Data under study:
=====
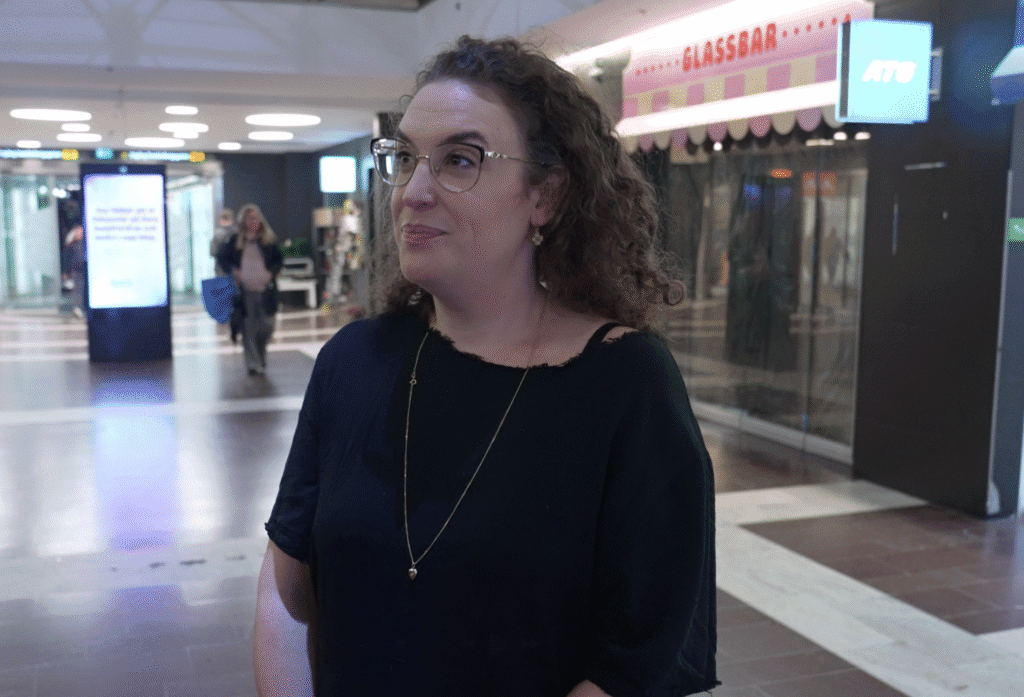A person with glasses and curly hair standing in a mall, wearing a black shirt and a long necklace. The background features a store named 'Glassbar' and a few other people walking by.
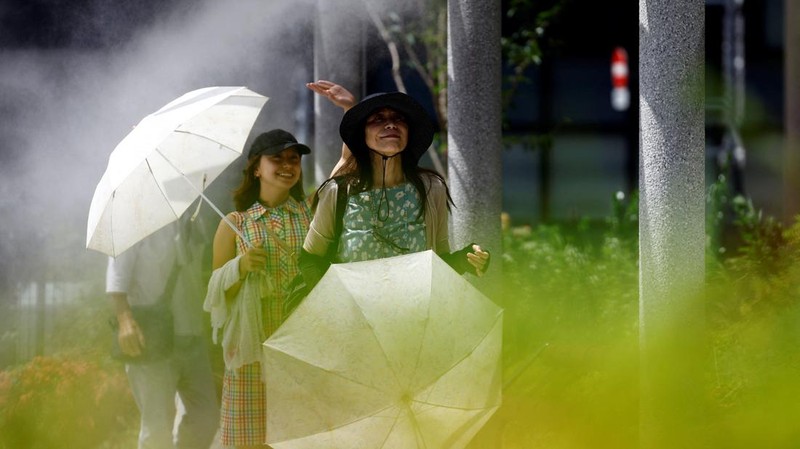 Pengjung saat cuaca panas Taman Kasai Rinkai, Tokyo, Jepang, Selasa (9/7/2024). (AP Photo/Eugene Hoshiko)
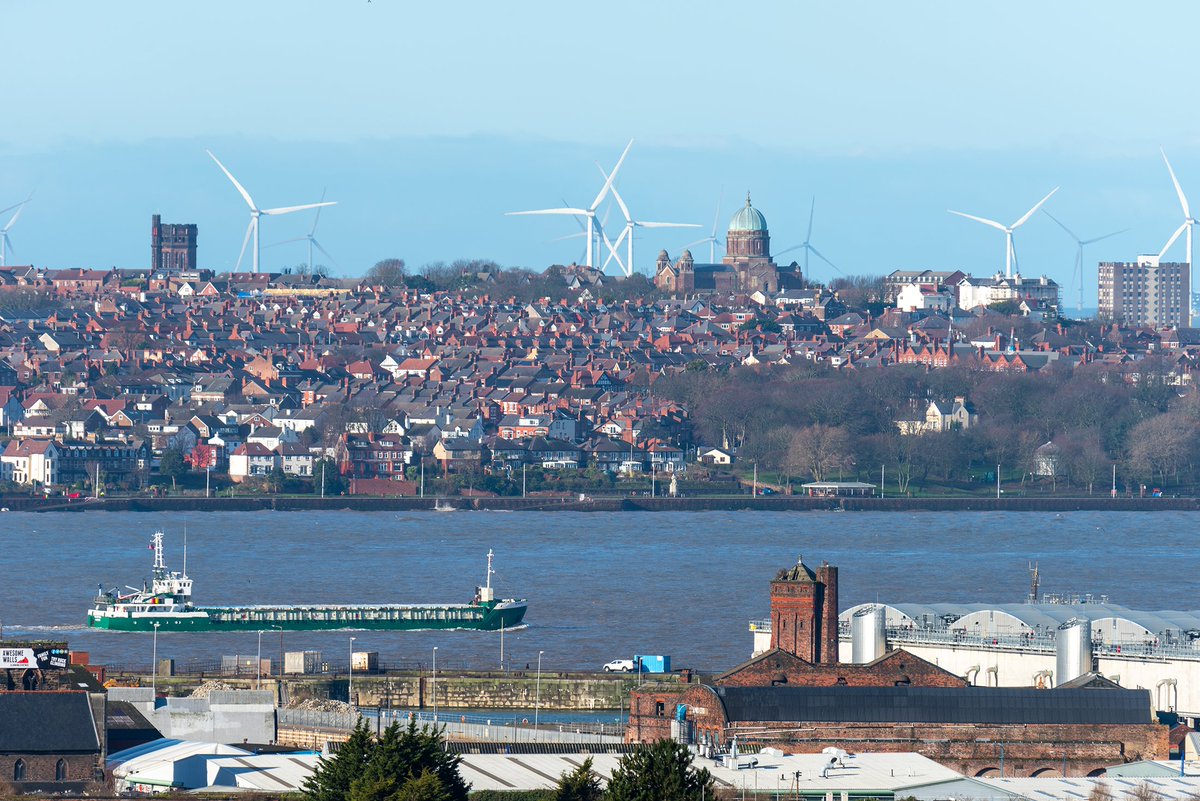 Views from #Liverpool, across the Mersey to New Brighton. The octagonal Gorsehill Water Tower on the left and the wonderful Ss. Peter & Paul and St Philomena Church aka 'Dome of Home.'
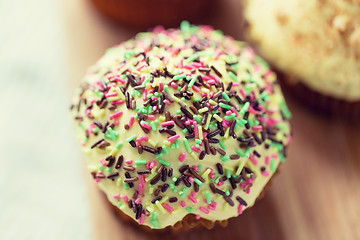 Image showing close up of glazed cupcake or muffin on table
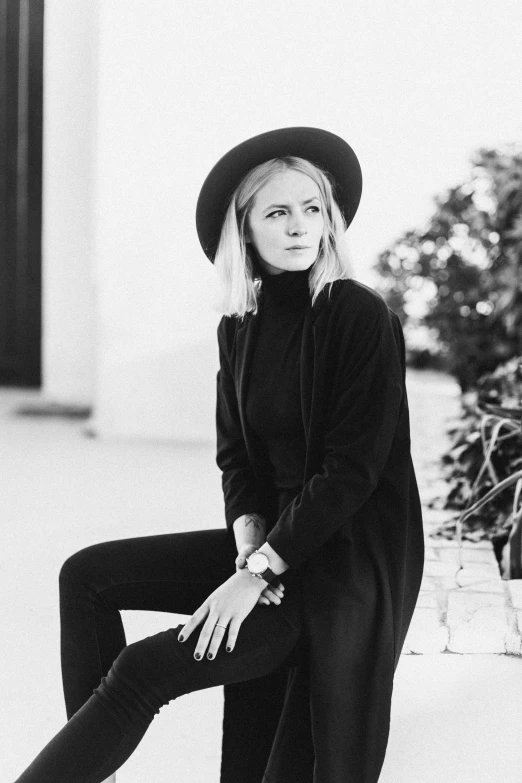 a black and white photo of a woman sitting on a bench, by Sara Saftleven, tall hat, black outfit, aurora aksnes, wearing turtleneck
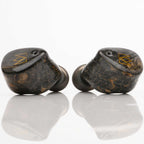 Noble Audio FoKus Prestige Wireless IEM with dark wood grain finish and gold logo on a reflective surface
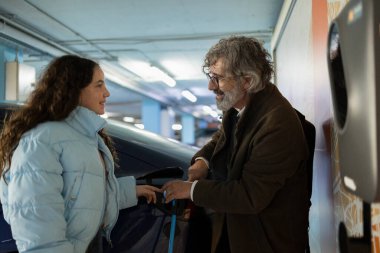 Son sınıf öğrencisi, otoparkta elektrikli arabanın nasıl şarj edileceğini gösteriyor. Genç bir kadınla temiz enerji ve sürdürülebilir hareketlilik çözümleri hakkında bilgi paylaşıyor.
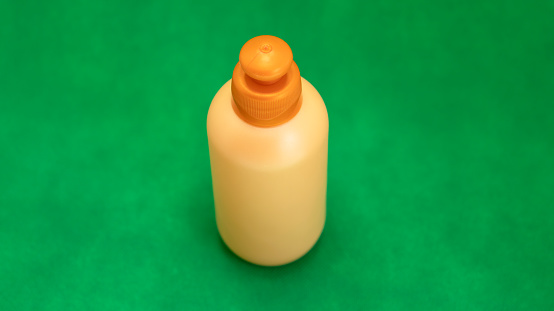 orange container for soap or cream seen from above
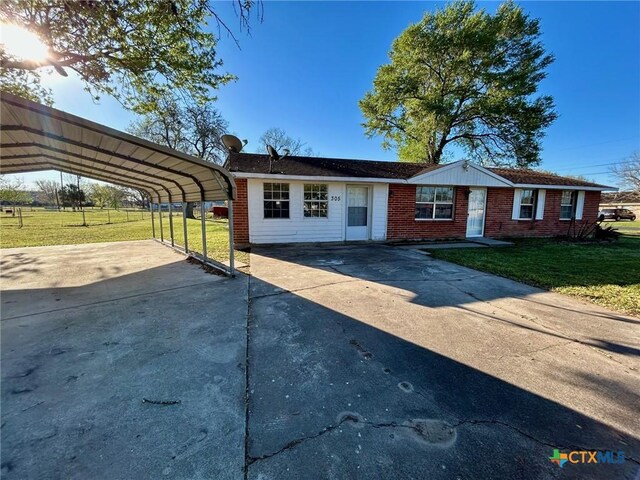 ranch-style home featuring a carport, a front yard, and central air condition unit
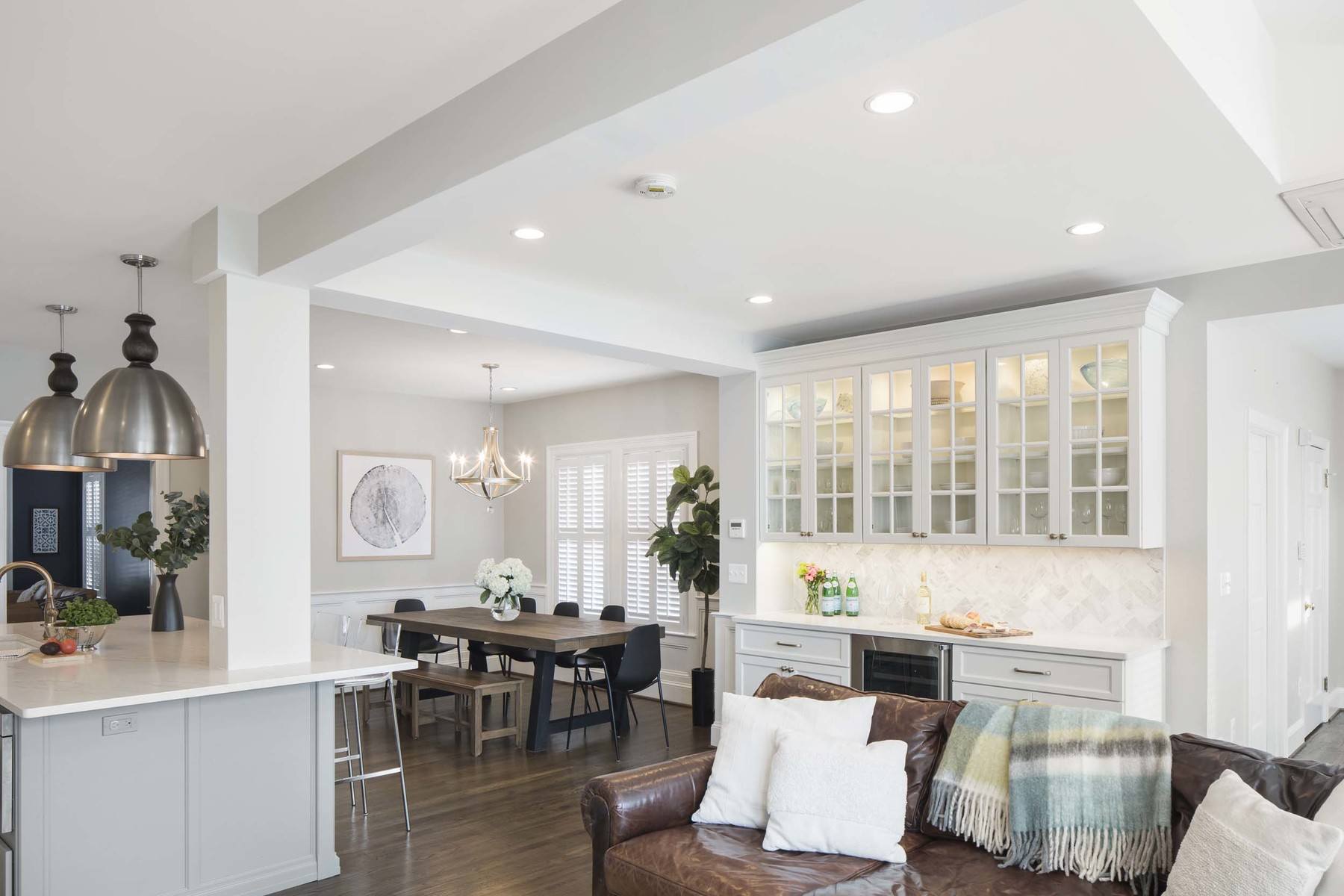 Dining space with custom built-ins, transitional design elements, and chair rail adding refined touches to open layout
=====
Exercise description:
Return the full listing exactly as written, without any of its images.

Written response:
A person with glasses and curly hair standing in a mall, wearing a black shirt and a long necklace. The background features a store named 'Glassbar' and a few other people walking by.
 Pengjung saat cuaca panas Taman Kasai Rinkai, Tokyo, Jepang, Selasa (9/7/2024). (AP Photo/Eugene Hoshiko)
 Views from #Liverpool, across the Mersey to New Brighton. The octagonal Gorsehill Water Tower on the left and the wonderful Ss. Peter & Paul and St Philomena Church aka 'Dome of Home.'
 Image showing close up of glazed cupcake or muffin on table
 a black and white photo of a woman sitting on a bench, by Sara Saftleven, tall hat, black outfit, aurora aksnes, wearing turtleneck
 Noble Audio FoKus Prestige Wireless IEM with dark wood grain finish and gold logo on a reflective surface
 Son sınıf öğrencisi, otoparkta elektrikli arabanın nasıl şarj edileceğini gösteriyor. Genç bir kadınla temiz enerji ve sürdürülebilir hareketlilik çözümleri hakkında bilgi paylaşıyor.
 orange container for soap or cream seen from above
 ranch-style home featuring a carport, a front yard, and central air condition unit
 Dining space with custom built-ins, transitional design elements, and chair rail adding refined touches to open layout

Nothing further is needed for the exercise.